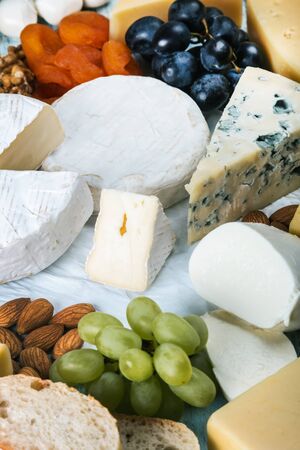 assorted cheeses, soft, hard, rennet and brine with fruits, nuts and dried fruitsの写真素材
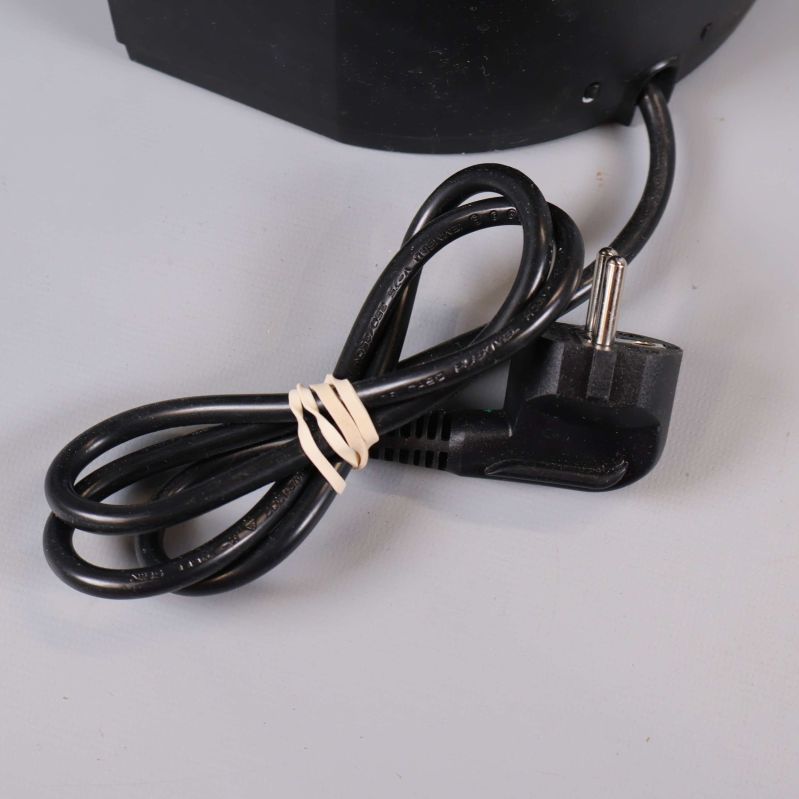 Närbild på svart elkabel med stickkontakt till kaffebryggare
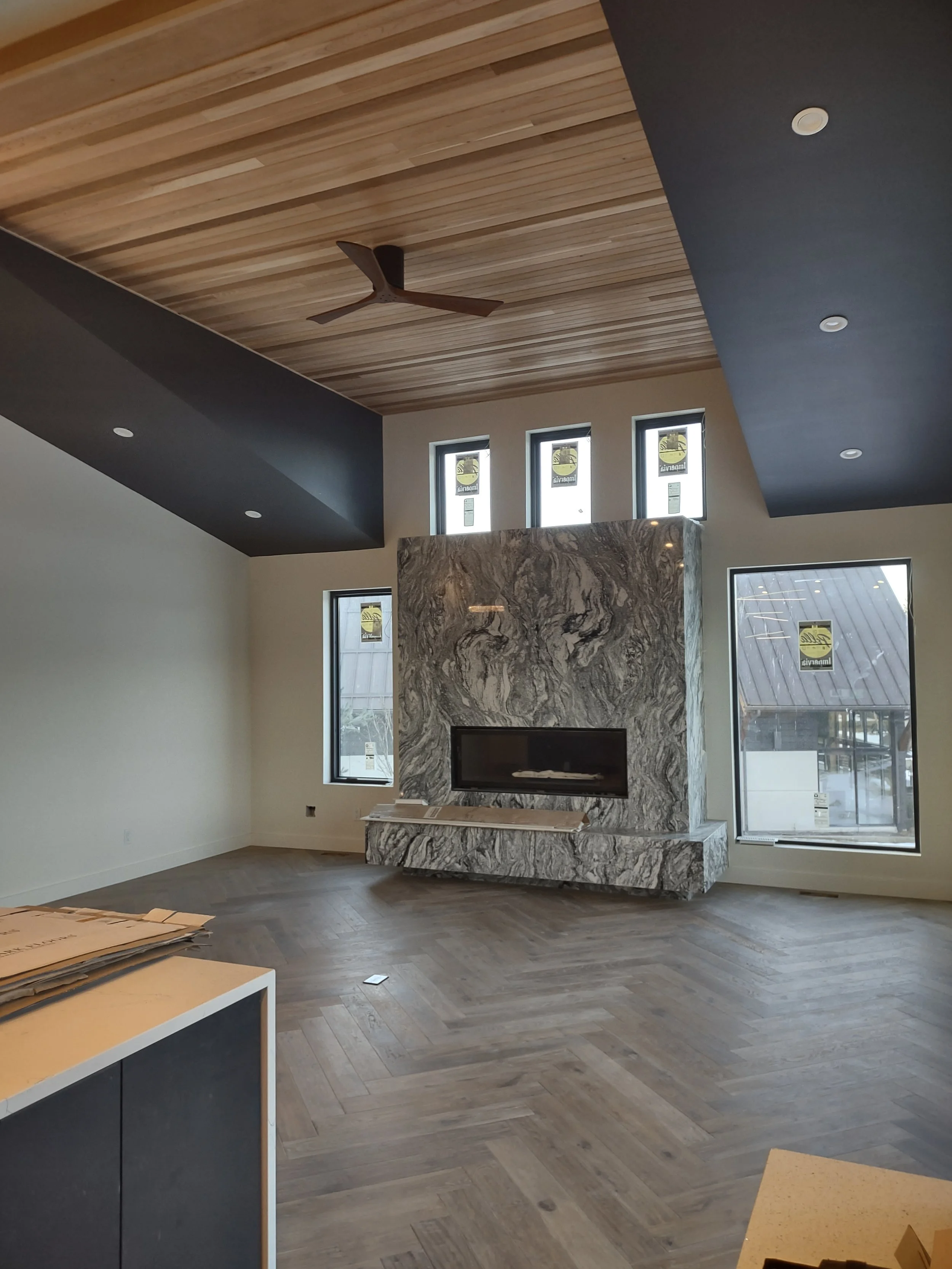 Modern living room with a wooden ceiling, black ceiling accents, a wood and gray marble fireplace, large windows, and light wood herringbone flooring.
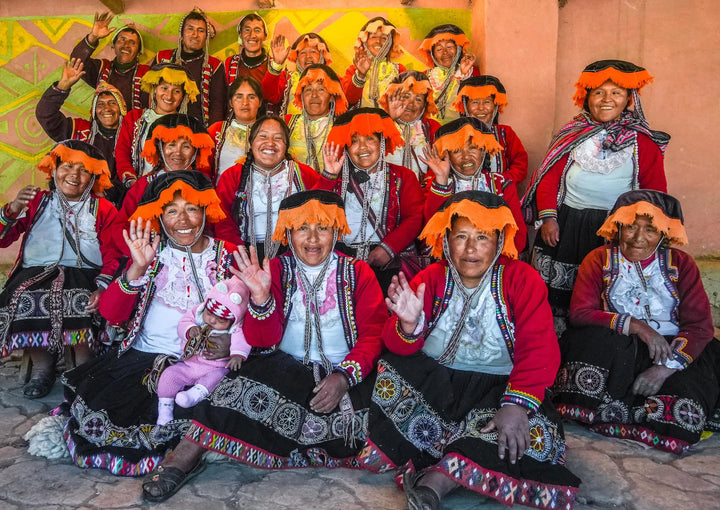 Quechua women weavers smiling and waving outside Pisac wearing traditional red jackets, embroidered skirts, and orange headpieces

▶ _What you have to do_: All of the lines above must be printed again exactly, and no picture may appear in the copy.

▶ _Solution_:
 assorted cheeses, soft, hard, rennet and brine with fruits, nuts and dried fruitsの写真素材
 Närbild på svart elkabel med stickkontakt till kaffebryggare
 Modern living room with a wooden ceiling, black ceiling accents, a wood and gray marble fireplace, large windows, and light wood herringbone flooring.
 Quechua women weavers smiling and waving outside Pisac wearing traditional red jackets, embroidered skirts, and orange headpieces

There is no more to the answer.